• EXERCISE DETAILS: An exact transcription of all the records below is required, without any images.

• INPUT RECORDS:

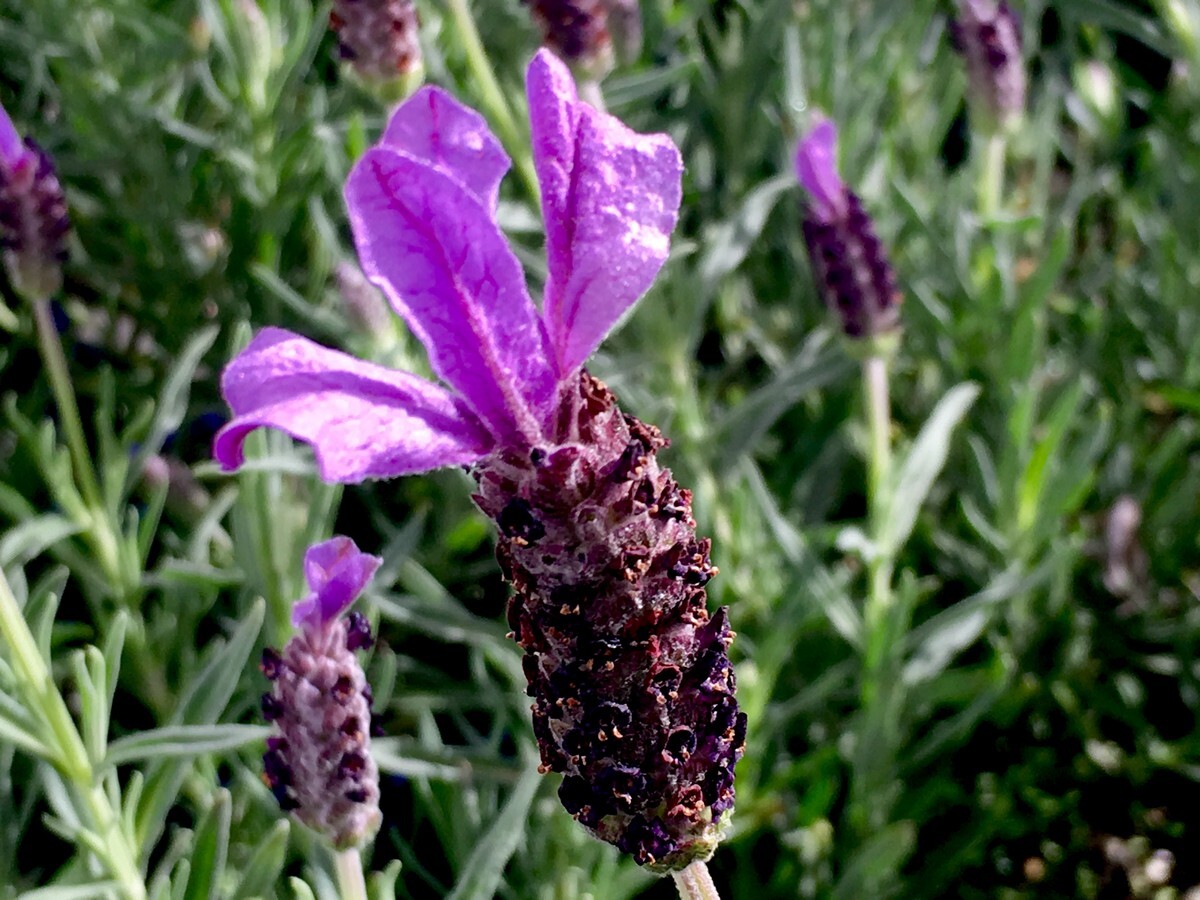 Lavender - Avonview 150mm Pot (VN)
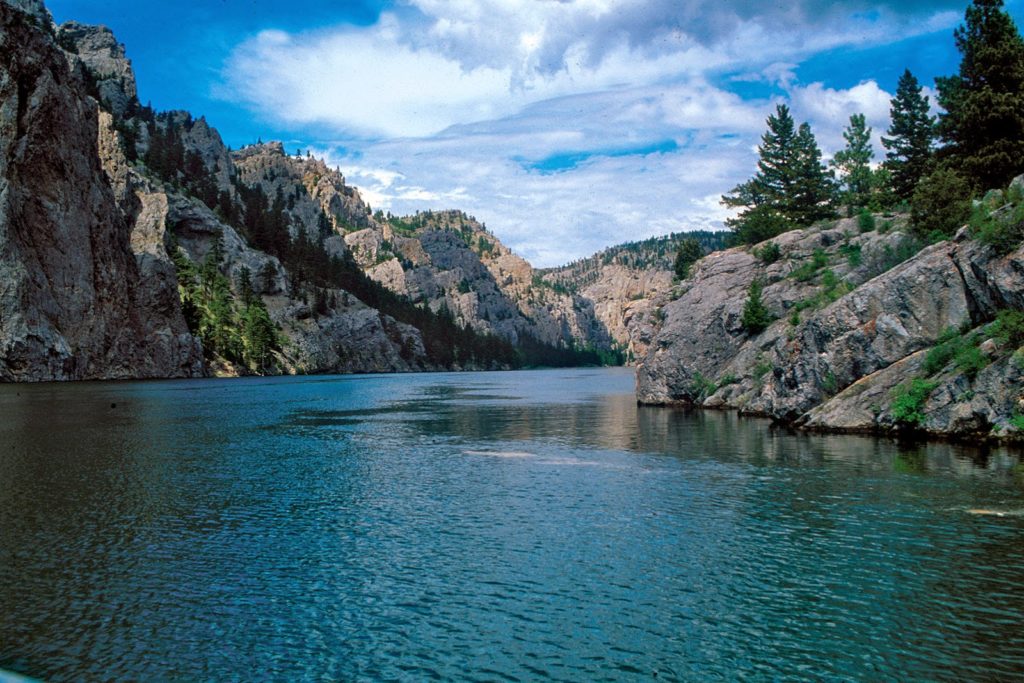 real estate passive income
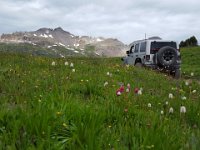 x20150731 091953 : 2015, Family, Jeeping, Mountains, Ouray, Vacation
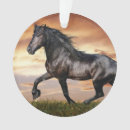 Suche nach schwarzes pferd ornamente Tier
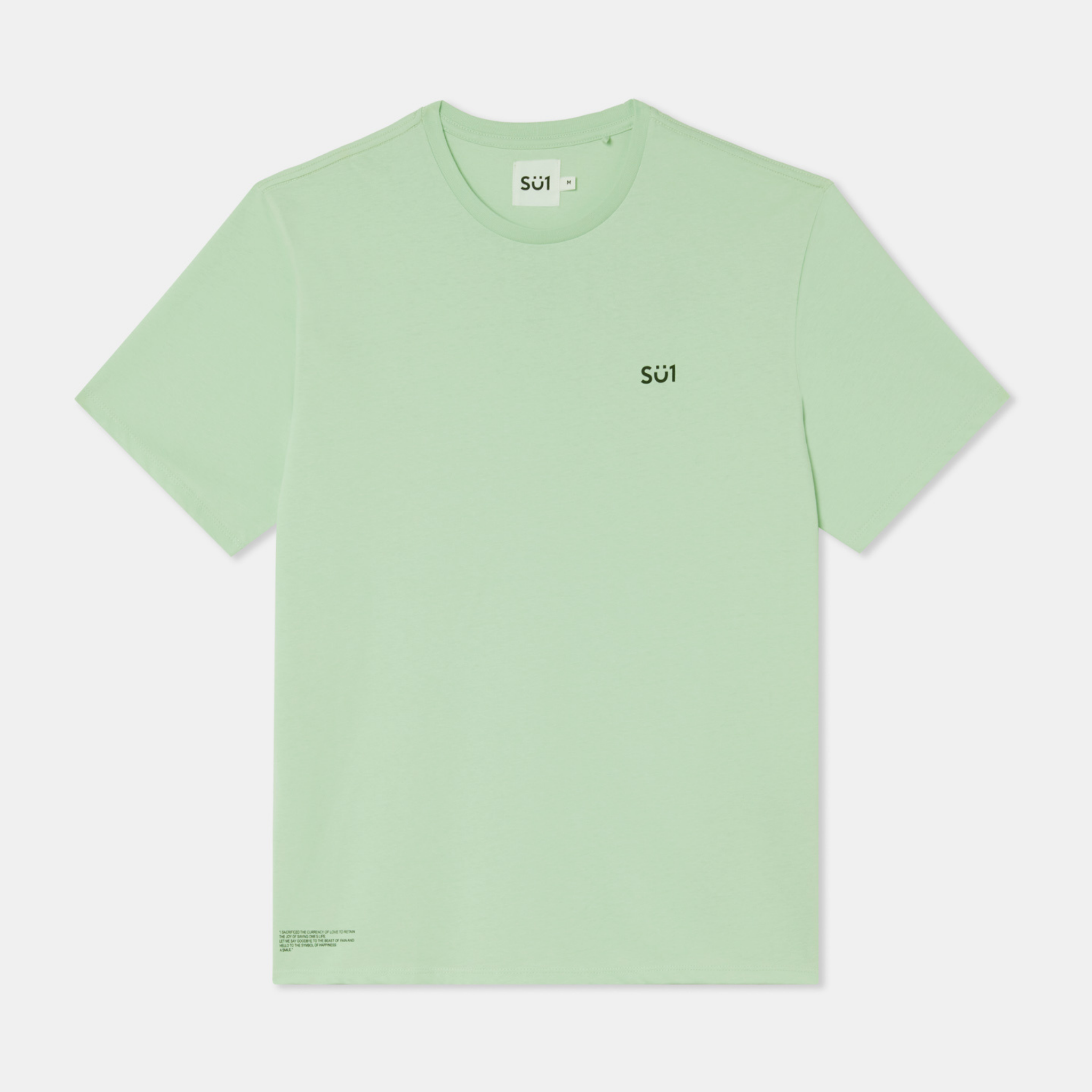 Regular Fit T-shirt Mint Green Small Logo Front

• EXERCISE ANSWER:
 Lavender - Avonview 150mm Pot (VN)
 real estate passive income
 x20150731 091953 : 2015, Family, Jeeping, Mountains, Ouray, Vacation
 Suche nach schwarzes pferd ornamente Tier
 Regular Fit T-shirt Mint Green Small Logo Front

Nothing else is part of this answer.